News4JAX contacted the St. Johns County Sheriff’s Office, which responded in an email saying, “This is not accurate.”
Deputies also said the sheriff’s office would follow up for more clarification.
At the time of this publication, SJSO had not followed up.
Duval County
News4JAX also received an email asking about ICE checkpoints at University and San Jose boulevards.
The Jacksonville Sheriff’s Office told News4JAX officers arrests for crimes, and ICE agents decide if they need to come and take over. But JSO clarified officers do not make arrests for ICE.
There were also questions about Duval County Schools specifically, with one tipster saying they heard ICE might be coming into schools to “collect students.”

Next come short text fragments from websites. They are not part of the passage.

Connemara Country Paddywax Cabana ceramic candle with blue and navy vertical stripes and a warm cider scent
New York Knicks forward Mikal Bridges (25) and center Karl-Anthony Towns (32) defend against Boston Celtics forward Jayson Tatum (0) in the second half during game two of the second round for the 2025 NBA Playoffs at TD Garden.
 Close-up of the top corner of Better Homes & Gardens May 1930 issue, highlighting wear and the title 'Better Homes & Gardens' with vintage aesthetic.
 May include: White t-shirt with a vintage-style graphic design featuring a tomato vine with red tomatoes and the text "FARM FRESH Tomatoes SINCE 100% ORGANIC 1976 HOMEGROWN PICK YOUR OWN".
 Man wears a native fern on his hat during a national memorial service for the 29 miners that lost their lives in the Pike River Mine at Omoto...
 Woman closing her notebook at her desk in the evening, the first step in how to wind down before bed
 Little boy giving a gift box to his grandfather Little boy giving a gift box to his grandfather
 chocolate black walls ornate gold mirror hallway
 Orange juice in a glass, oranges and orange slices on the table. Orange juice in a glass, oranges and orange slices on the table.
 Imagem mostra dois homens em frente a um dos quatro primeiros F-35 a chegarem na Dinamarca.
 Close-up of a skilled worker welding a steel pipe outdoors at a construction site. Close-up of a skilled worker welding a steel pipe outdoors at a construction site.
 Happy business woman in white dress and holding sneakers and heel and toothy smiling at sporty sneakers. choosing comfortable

News4JAX reached out to the district and immediately responded “Absolutely false in Duval County.”
School Superintendent Christopher Bernier was also asked about immigration enforcement at the district at a recent town hall.
“The (Trump) executive order does not call for raids in schools. It doesn’t call for that but what it does do is put us on notice that there’s a potentiality of Secret Service, ICE agents, JSO showing up at our schools. If a police officer or a sworn law enforcement officer has a warrant, a court order, then our policies are very clear, in the school district we don’t get in the way,” Bernier said.
Clay County
News4JAX received an inquiry on social media that asked: “ICE picked up 114 individuals in Clay County during a raid today. True?”
The Clay County Sheriff’s Office said it wasn’t aware of any raids like that in the county, suggested contacting the Department of Homeland Security for further details, and pointed to its “robust 287g program” at the detention facility.
Detentions across Florida
While there haven’t been any confirmed reports of unusual ICE activity in Northeast Florida, there have been confirmed raids in other parts of the state, especially South Florida.
DeSantis, who has been very vocal on the state’s immigration goals, has made it clear he expects local law enforcement to help in those efforts.
“I don’t want to house them, I want to deport them,” DeSantis said Wednesday.
During a roundtable in Titusville on Wednesday, Gov. Ron DeSantis said more than 20 undocumented Chinese nationals were detained in South Florida by Florida Department of Law Enforcement agents and Coral Gables Police Department officers.
“We need to do that, otherwise you’re never going to solve this problem,” DeSantis said.
On Tuesday, the Florida Department of Highway Safety and Motor Vehicles announced via X that troopers arrested 12 individuals “who were believed to be illegally residing in the State of Florida.”
According to a Washington Post report published on Sunday, ICE officials were directed during a call with Trump officials to “aggressively ramp up the number of people they arrest, from a few hundred per day to at least 1,200 to 1,500.”
According to the report, which cites four people with knowledge of the briefings who spoke on the condition of anonymity, the ICE officials were told that each of the “agency’s field offices should make 75 arrests per day,” and that they would be held accountable if that quota isn’t met.
News4JAX has reached out to the Department of Homeland Security for further answers on these various reports and at the time of this publication, we hadn’t heard back.